GenealogyBank has thousands of funeral sermons – elegies, memorials etc. Many of these are full digital copies and others are the full sermon or excerpts that appeared in the newspapers.
Here are some typical examples of what you will find in GenealogyBank.
Harris, Thaddeus Mason, (1768-1842). A tribute of filial respect, to the memory of his mother, in a discourse, delivered at Dorchester, Feb. 8, 1801, the Lord’s day after her decease. Charlestown, MA: Printed by Samuel Etheridge, 1801. 20p.
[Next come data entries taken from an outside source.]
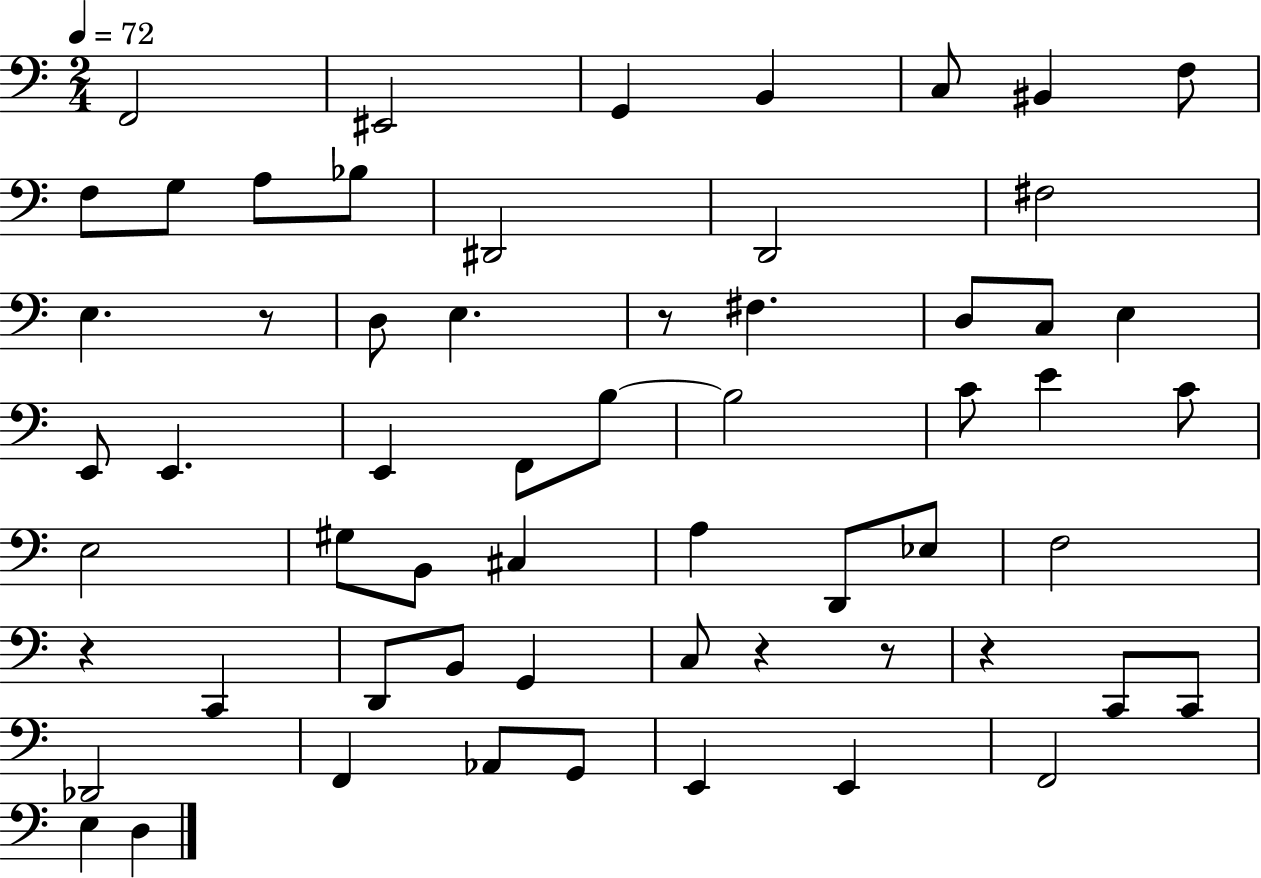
F2/h EIS2/h G2/q B2/q C3/e BIS2/q F3/e F3/e G3/e A3/e Bb3/e D#2/h D2/h F#3/h E3/q. R/e D3/e E3/q. R/e F#3/q. D3/e C3/e E3/q E2/e E2/q. E2/q F2/e B3/e B3/h C4/e E4/q C4/e E3/h G#3/e B2/e C#3/q A3/q D2/e Eb3/e F3/h R/q C2/q D2/e B2/e G2/q C3/e R/q R/e R/q C2/e C2/e Db2/h F2/q Ab2/e G2/e E2/q E2/q F2/h E3/q D3/q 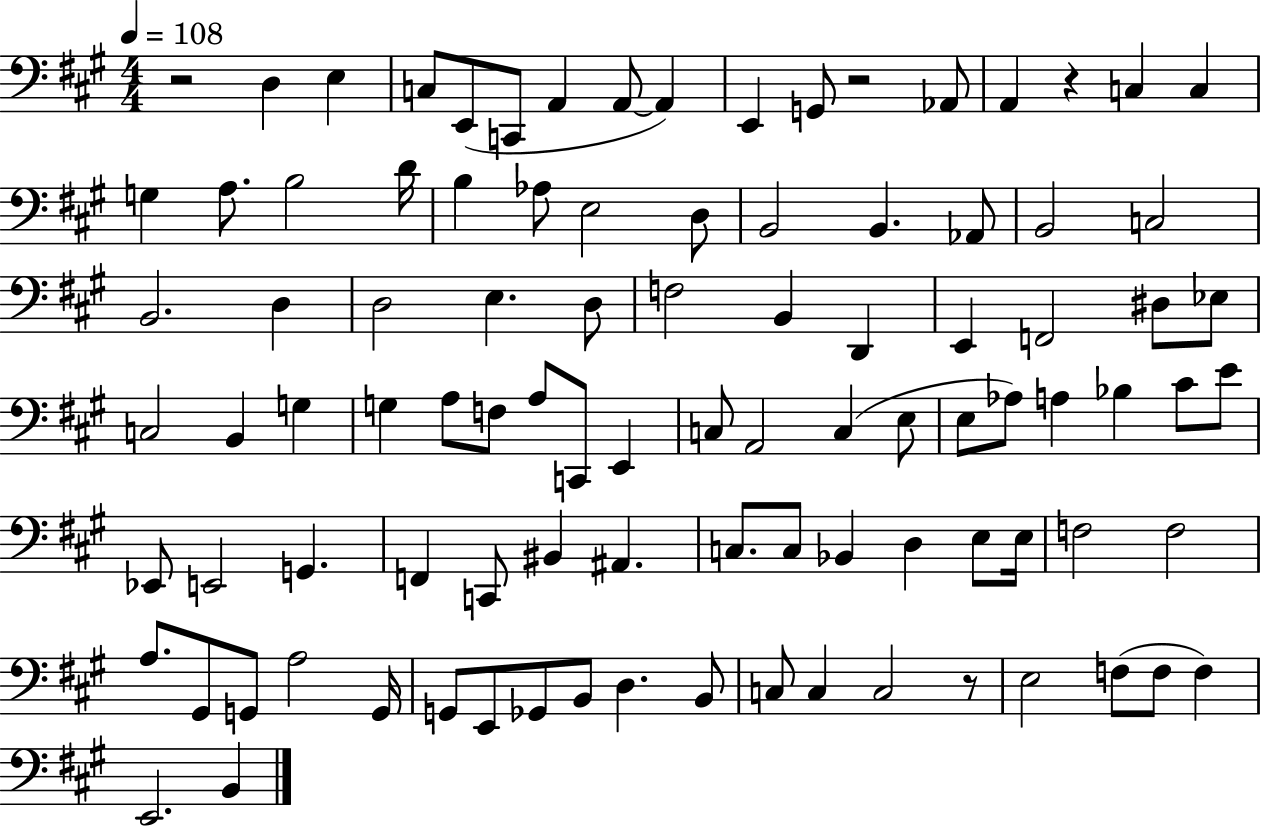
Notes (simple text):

R/h D3/q E3/q C3/e E2/e C2/e A2/q A2/e A2/q E2/q G2/e R/h Ab2/e A2/q R/q C3/q C3/q G3/q A3/e. B3/h D4/s B3/q Ab3/e E3/h D3/e B2/h B2/q. Ab2/e B2/h C3/h B2/h. D3/q D3/h E3/q. D3/e F3/h B2/q D2/q E2/q F2/h D#3/e Eb3/e C3/h B2/q G3/q G3/q A3/e F3/e A3/e C2/e E2/q C3/e A2/h C3/q E3/e E3/e Ab3/e A3/q Bb3/q C#4/e E4/e Eb2/e E2/h G2/q. F2/q C2/e BIS2/q A#2/q. C3/e. C3/e Bb2/q D3/q E3/e E3/s F3/h F3/h A3/e. G#2/e G2/e A3/h G2/s G2/e E2/e Gb2/e B2/e D3/q. B2/e C3/e C3/q C3/h R/e E3/h F3/e F3/e F3/q E2/h. B2/q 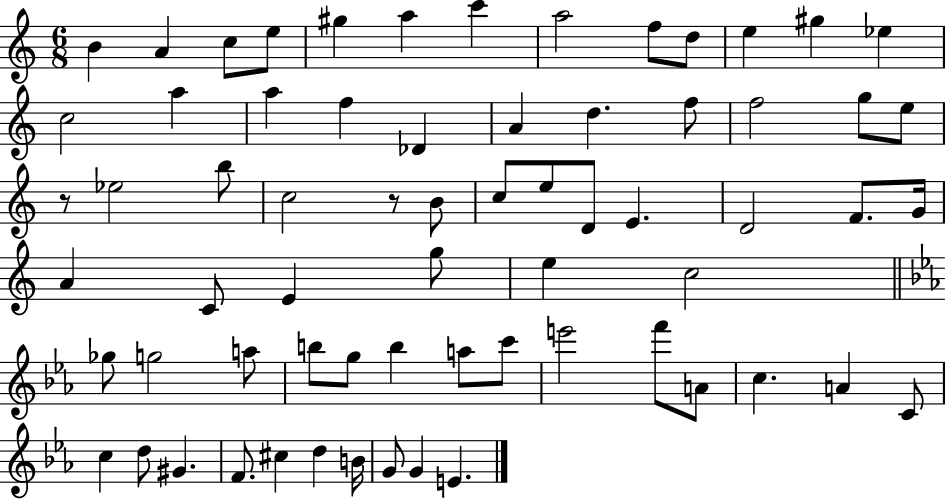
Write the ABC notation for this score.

X:1
T:Untitled
M:6/8
L:1/4
K:C
B A c/2 e/2 ^g a c' a2 f/2 d/2 e ^g _e c2 a a f _D A d f/2 f2 g/2 e/2 z/2 _e2 b/2 c2 z/2 B/2 c/2 e/2 D/2 E D2 F/2 G/4 A C/2 E g/2 e c2 _g/2 g2 a/2 b/2 g/2 b a/2 c'/2 e'2 f'/2 A/2 c A C/2 c d/2 ^G F/2 ^c d B/4 G/2 G E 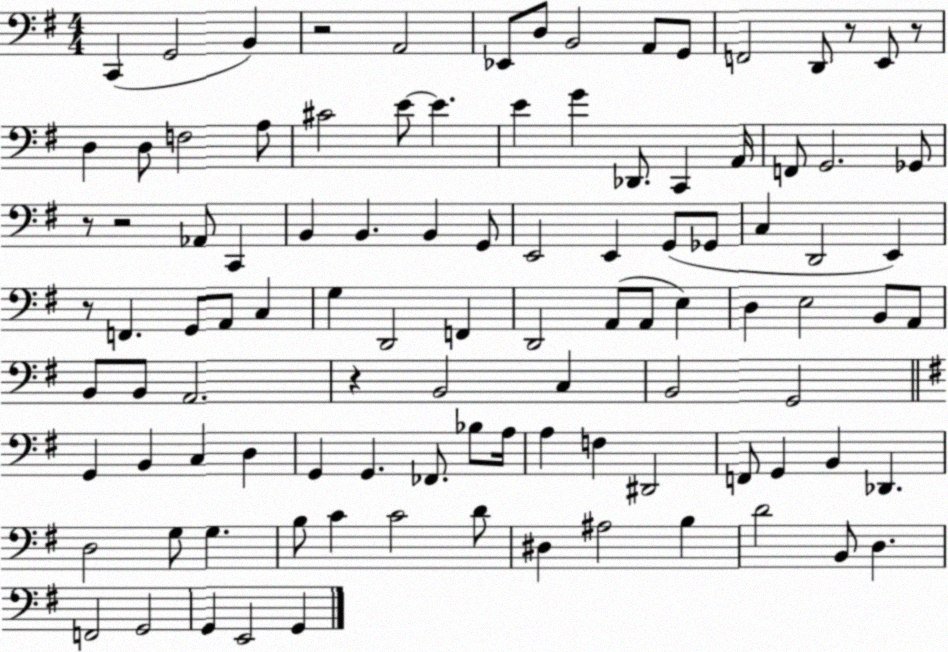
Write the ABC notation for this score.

X:1
T:Untitled
M:4/4
L:1/4
K:G
C,, G,,2 B,, z2 A,,2 _E,,/2 D,/2 B,,2 A,,/2 G,,/2 F,,2 D,,/2 z/2 E,,/2 z/2 D, D,/2 F,2 A,/2 ^C2 E/2 E E G _D,,/2 C,, A,,/4 F,,/2 G,,2 _G,,/2 z/2 z2 _A,,/2 C,, B,, B,, B,, G,,/2 E,,2 E,, G,,/2 _G,,/2 C, D,,2 E,, z/2 F,, G,,/2 A,,/2 C, G, D,,2 F,, D,,2 A,,/2 A,,/2 E, D, E,2 B,,/2 A,,/2 B,,/2 B,,/2 A,,2 z B,,2 C, B,,2 G,,2 G,, B,, C, D, G,, G,, _F,,/2 _B,/2 A,/4 A, F, ^D,,2 F,,/2 G,, B,, _D,, D,2 G,/2 G, B,/2 C C2 D/2 ^D, ^A,2 B, D2 B,,/2 D, F,,2 G,,2 G,, E,,2 G,, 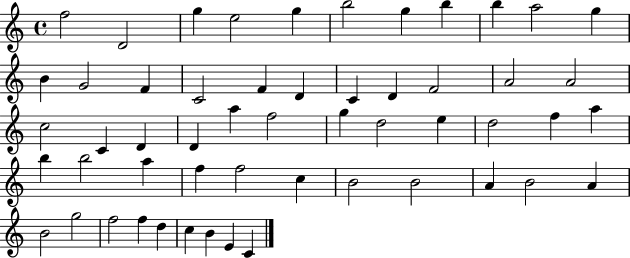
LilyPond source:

{
  \clef treble
  \time 4/4
  \defaultTimeSignature
  \key c \major
  f''2 d'2 | g''4 e''2 g''4 | b''2 g''4 b''4 | b''4 a''2 g''4 | \break b'4 g'2 f'4 | c'2 f'4 d'4 | c'4 d'4 f'2 | a'2 a'2 | \break c''2 c'4 d'4 | d'4 a''4 f''2 | g''4 d''2 e''4 | d''2 f''4 a''4 | \break b''4 b''2 a''4 | f''4 f''2 c''4 | b'2 b'2 | a'4 b'2 a'4 | \break b'2 g''2 | f''2 f''4 d''4 | c''4 b'4 e'4 c'4 | \bar "|."
}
The biographical and genealogical details of the late Rebekah (Mason) Wait (1738-1801) begin on page 16. We learn that she was born on 28 Dec 1738 – the daughter of Thaddeus Mason “of Cambridge, who survives her, in his 95th year.”
On page 17 we learn that she was married twice. She married her first husband, William Harris of Cambridge, MA on 20 Aug 1767. He died 30 Oct 1778. She married her second husband, Samuel Wait of Malden, MA on 2 Mar 1780. She died on 2 Feb 1801 “leaving behind her a widowed husband and five children (four by her first marriage and one by the second) to mourn their loss.”
Maxcy, Jonathan, (1768-1820). A funeral sermon, occasioned by the death of Mr. John Sampson Bobo a member of the Junior Class in the South-Carolina College, who was unfortunately drowned in the Congress River, near Columbia. Columbia, SC: Faust, 1819. 16p.
Moore, Martin, (1790-1866). Death of the saints precious in God’s sight a sermon delivered in Natick, June 13, 1819, occasioned by the death of Mrs. Hannah Coolidge, wife of Mr. William Coolidge, aetatis 40. Dedham, MA: Mann, 1819. 15p.
I found this so interesting, Tom. I’ve read some obituaries that are very unusual, but never the actual funeral sermon! Thanks for sharing these.
It really is amazing what is written down and preserved about our ancestors.